Soll ich Dir was verraten? Ich habe Deine Mail regelrecht aufgesogen und war hin und weg, wie Du Deine Gefühle und die Erlebnisse mit Deiner Freundin geschildert hast. Du bist wirklich über beide Ohren in sie verliebt oder ein verdammt guter Schriftsteller. Ich konnte regelrecht fühlen wie sehr Du sie liebst.
Ich weiß nicht, was ich von ihr halten soll. Sie scheint überglücklich mit Dir zu sein, wenn Du in ihrer Nähe bist und sie scheint ihre Zweifel wieder siegen zu lassen, wenn Du abgreist bist.
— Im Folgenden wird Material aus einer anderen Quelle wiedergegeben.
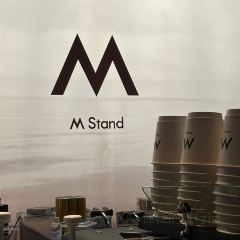 M Stand(麓湖美食岛店) User Photo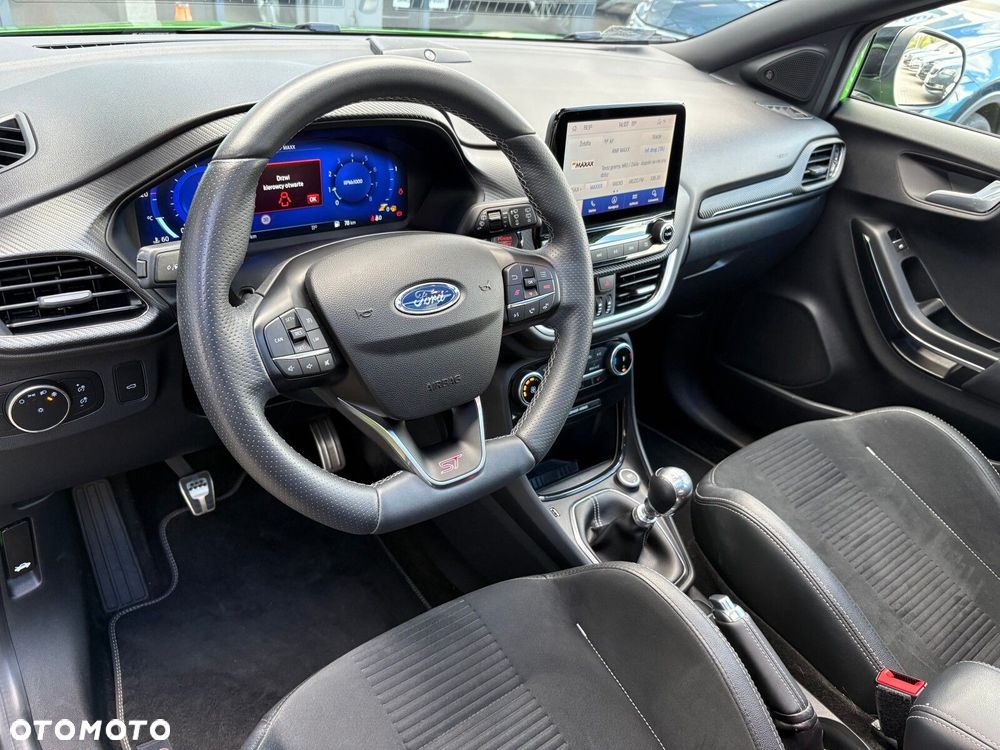 Ford Puma 1.5 EcoBoost ST - 11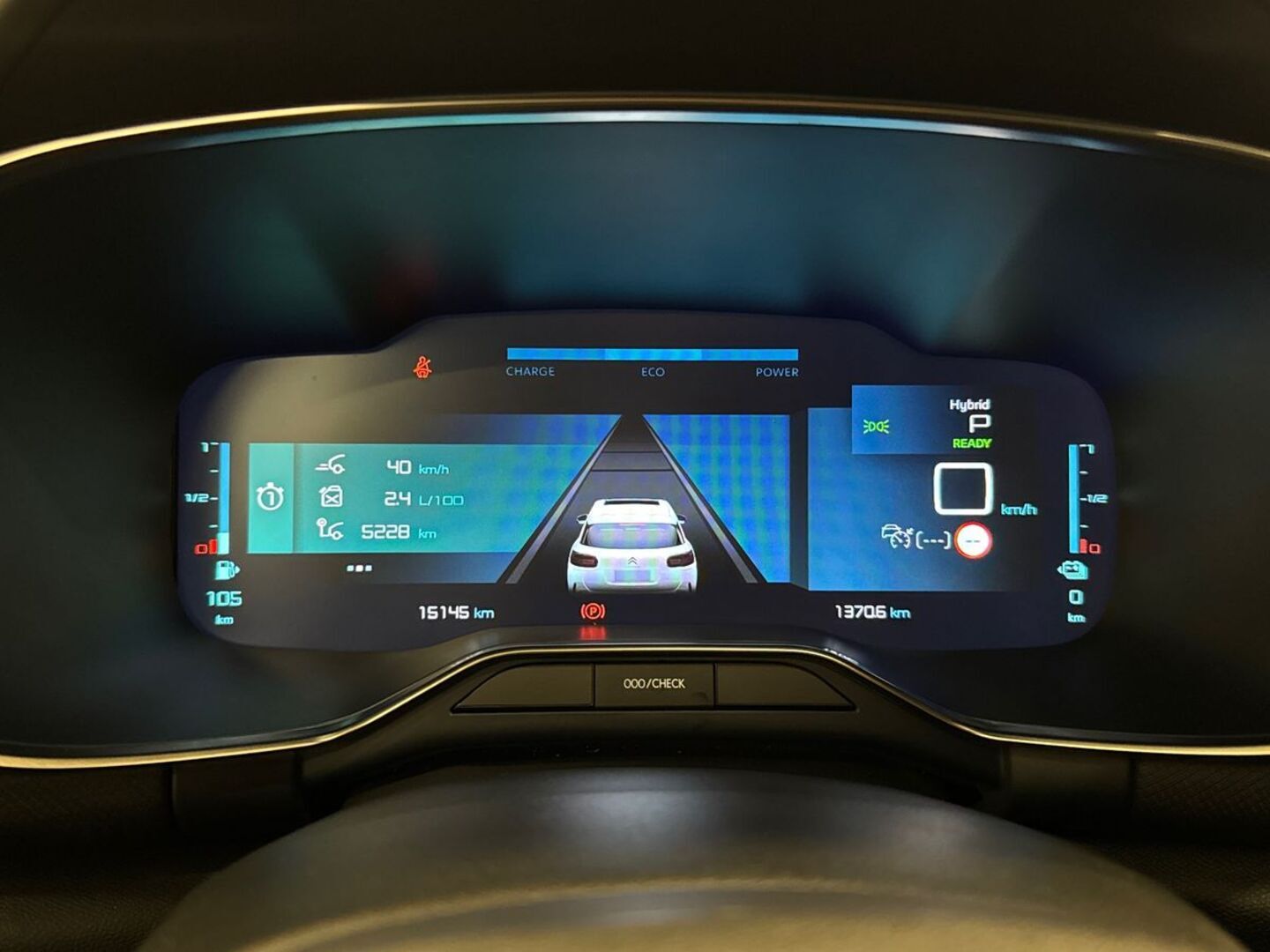 CITROEN C5 Aircross 2024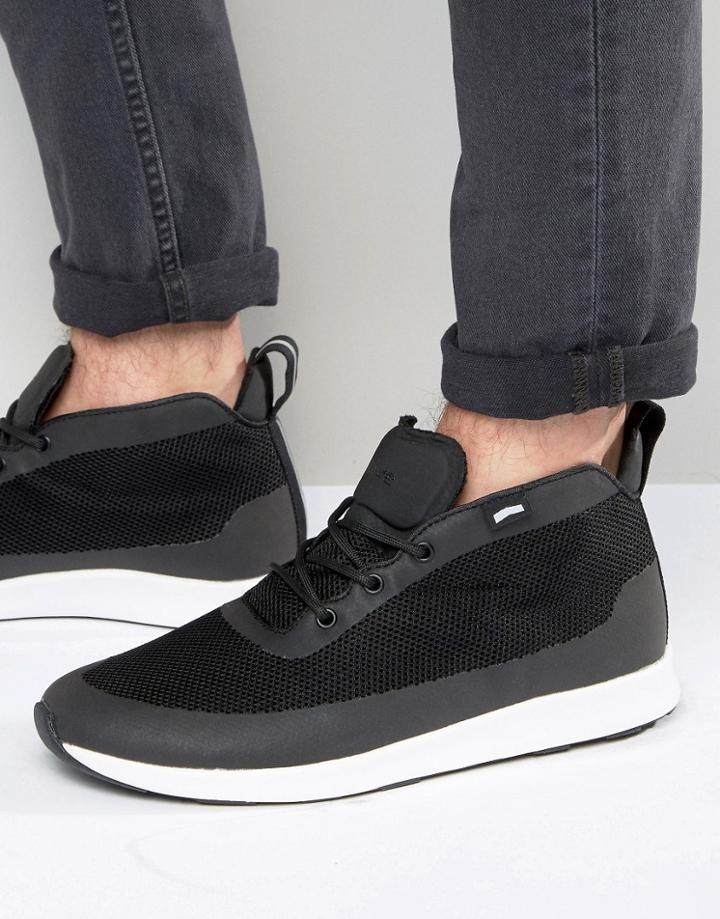Native Ap Rover Sneakers - Black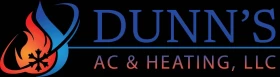 DUNN'S A/C & HEATING LLC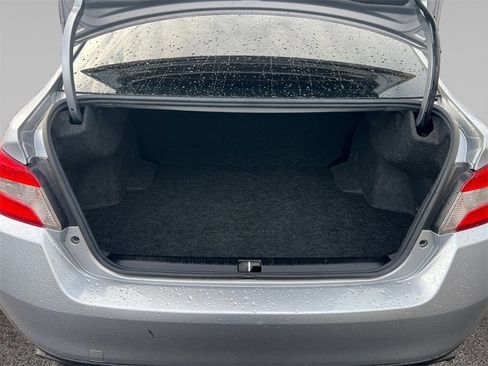 Used 2017 Subaru WRX Premium image 16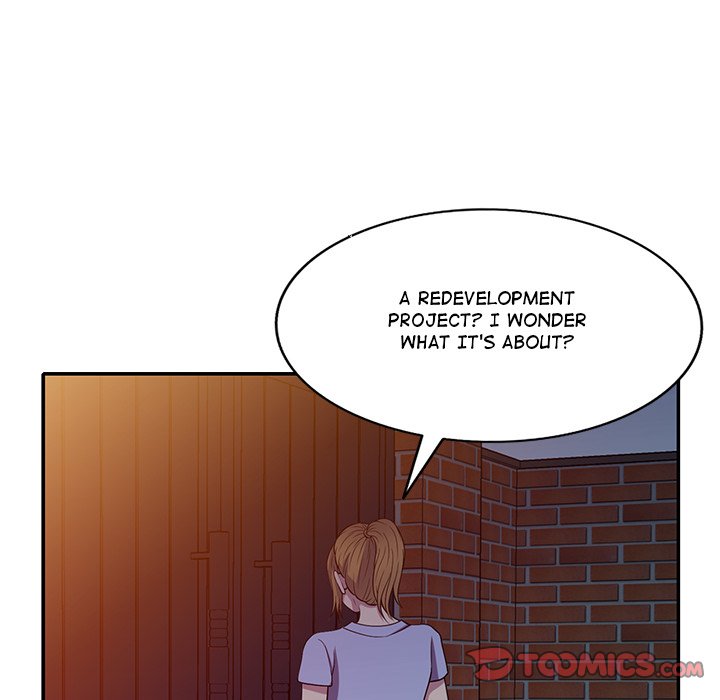 A Stolen Taste Chapter 16 - Page 81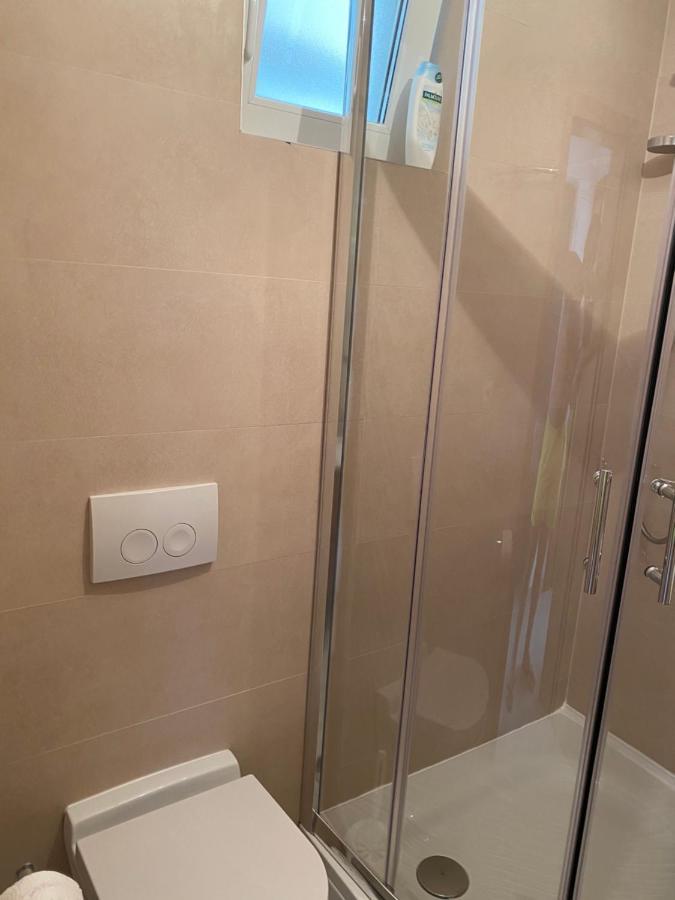 Apartmani Spajic Duboka Клек Экстерьер фото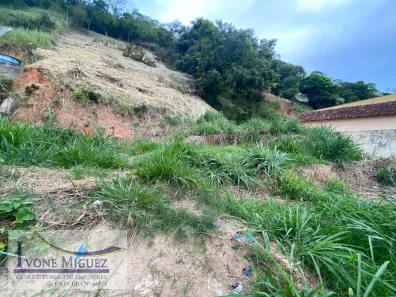Lote/Terreno à venda, 726m² no Mantiquira, Paty do Alferes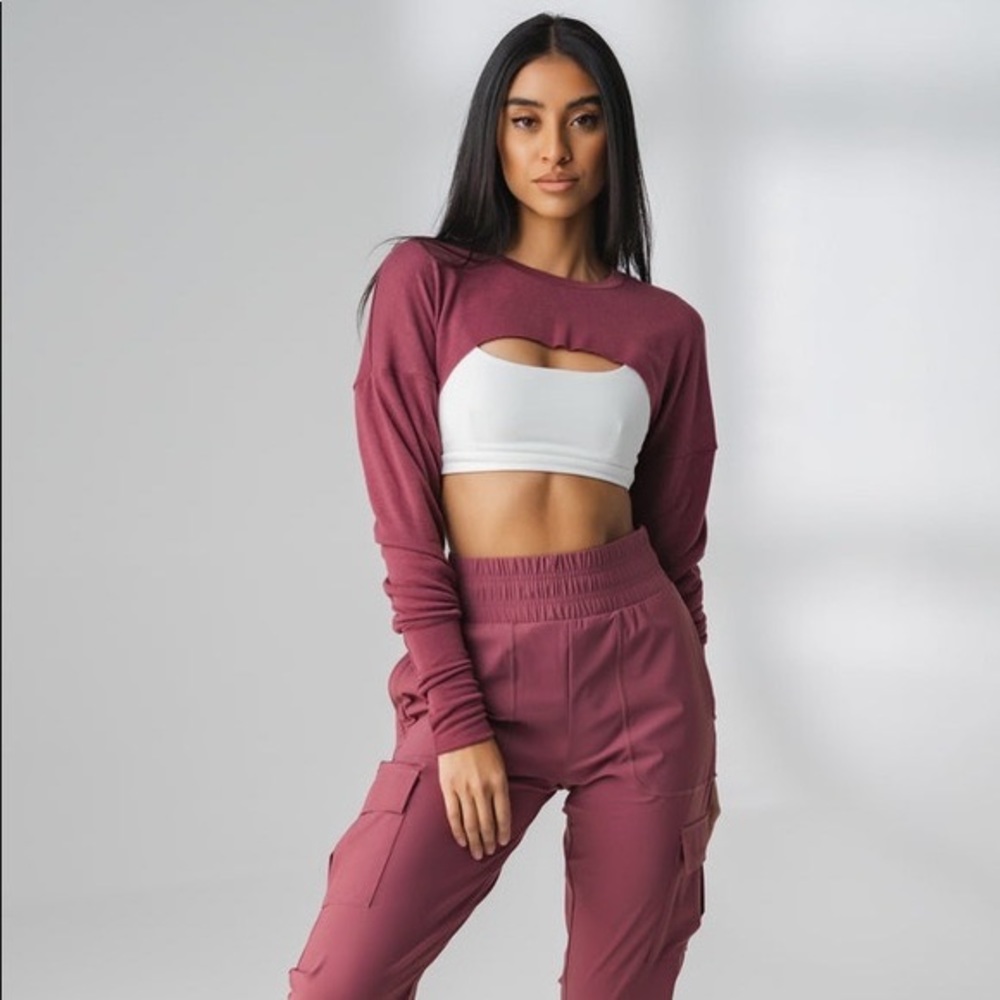 Balance Athletica / Vitality Swift Cargo Jogger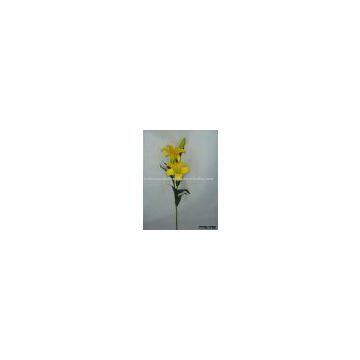 artificial flower(lily)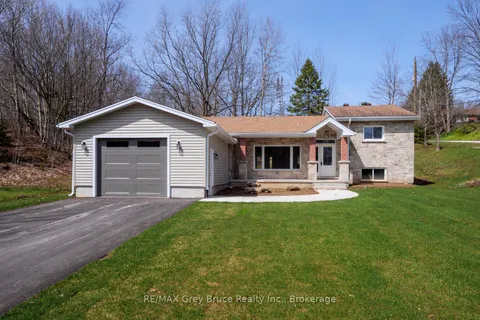 1996 6th Avenue, Owen Sound, ON N4K 5J1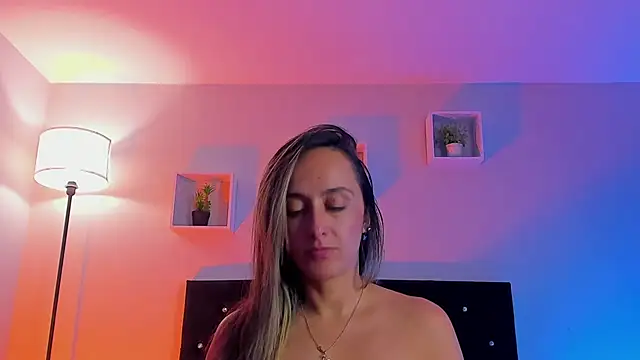 Victoria Rose  online show from 02.03.26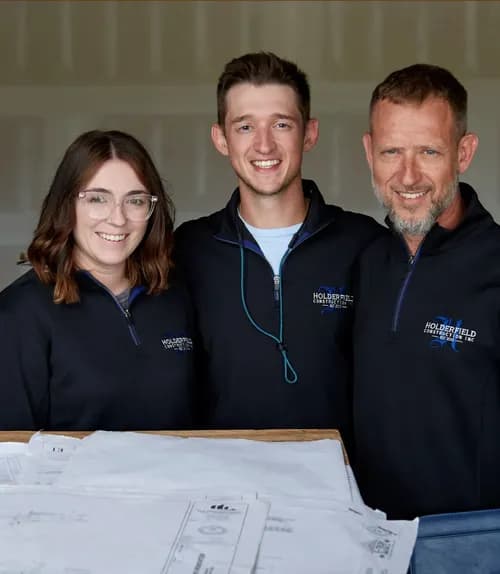 Holderfield Construction - Photo 2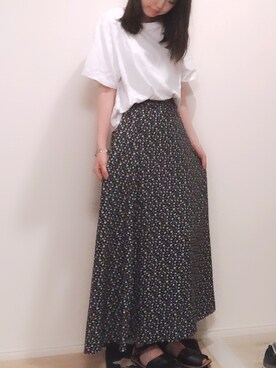 mao◎さんのコーディネート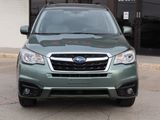 Used 2017 Subaru Forester 2.5i Premium image 3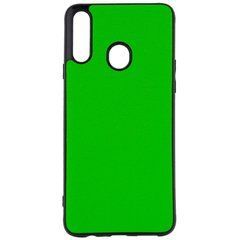 Защитный чехол Lapea TPU для Samsung A207F Galaxy A20S Зеленый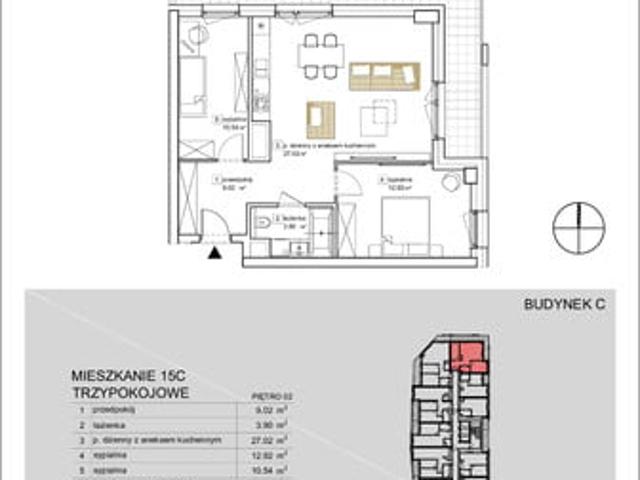 Katowice, Bogucice, ul. Olimpijska 9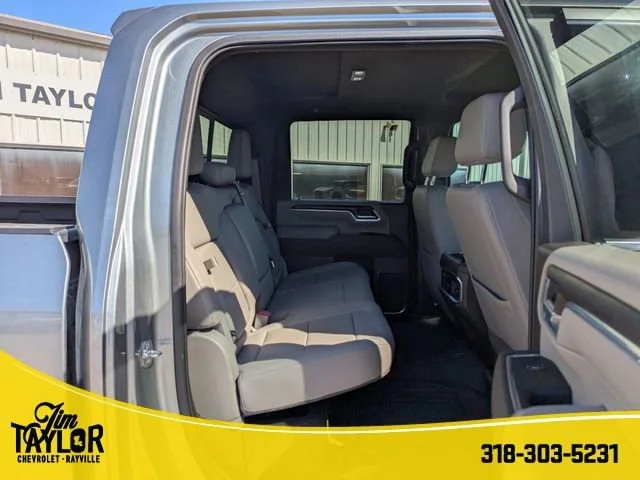 2024 GMC Sierra 2500HD SLT - Photo 37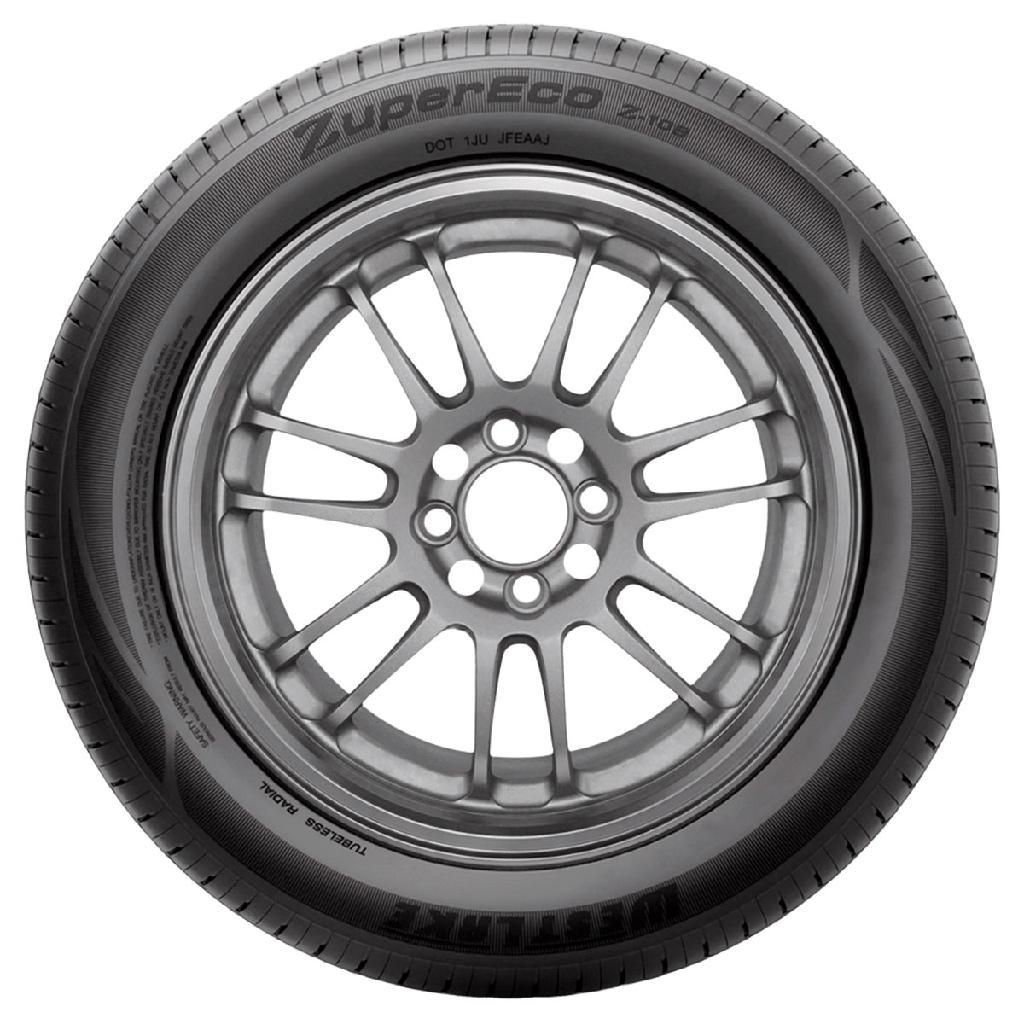 Kit 2 Pneus Aro 17 Westlake 205/40 R17 84w Zupereco Z-108 — imagem 2 de 2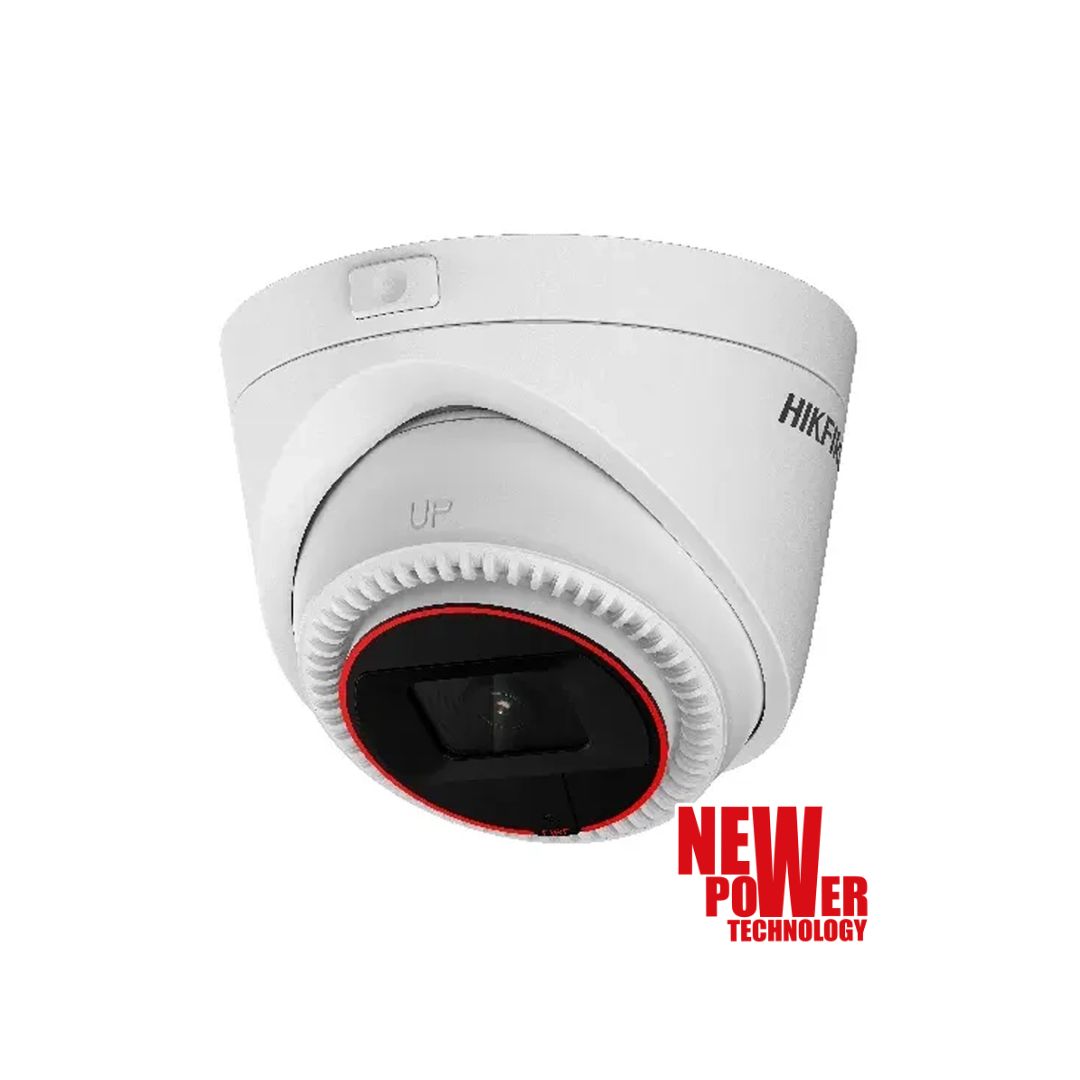 HF-VH403 - HikFire Hikvision AI-Fire Detection Camera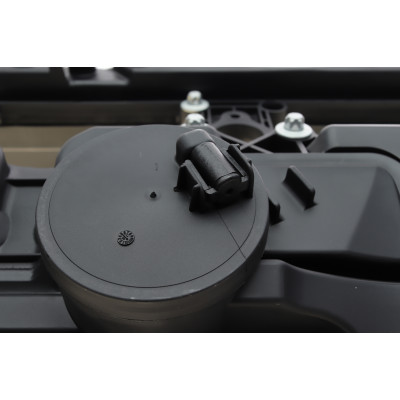 Кришка клапанів BMW 3 (E90)/5 (F10/F11)/X5 (E70/F15/F85) (N55 B30 A) 3.5i 06-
Ich finde, dass Du diesen Punkt vieleicht mit ihr klären solltest. Ihr seid jetzt schon so weit und tief gefühlsmäßig gefallen, dass Dir diese Frage erlaubt wäre, ob sie sich vorstellen könnte immer mit Dir zusammen zu sein. Du könntest Deinen beruflichen Werdegang aufgrund Deiner Kenntnisse locker nach Finnland verlegen, wenn sie nicht nach Deutschland kommen mag. Ich bin mir sicher, dass es für euch einen Weg geben wird, wenn auch sie den Mut dazu hat.
Es wäre interessant herauszubekommen, was sie stets ausbremst, sobald Du nicht mehr in ihrer Nähe bist. Ich persönlich würde mich auf die Socken machen und versuche zu erfahren, warum sie so denkt und fühlt. Ich würde nicht locker lassen.
Leider kenne ich sie nicht und kann sie nicht einschätzen. Ich kann Dir nur schreiben, was ich machen würde. Doch aufgeben würde ich nicht und am Ende bist Du noch lange nicht.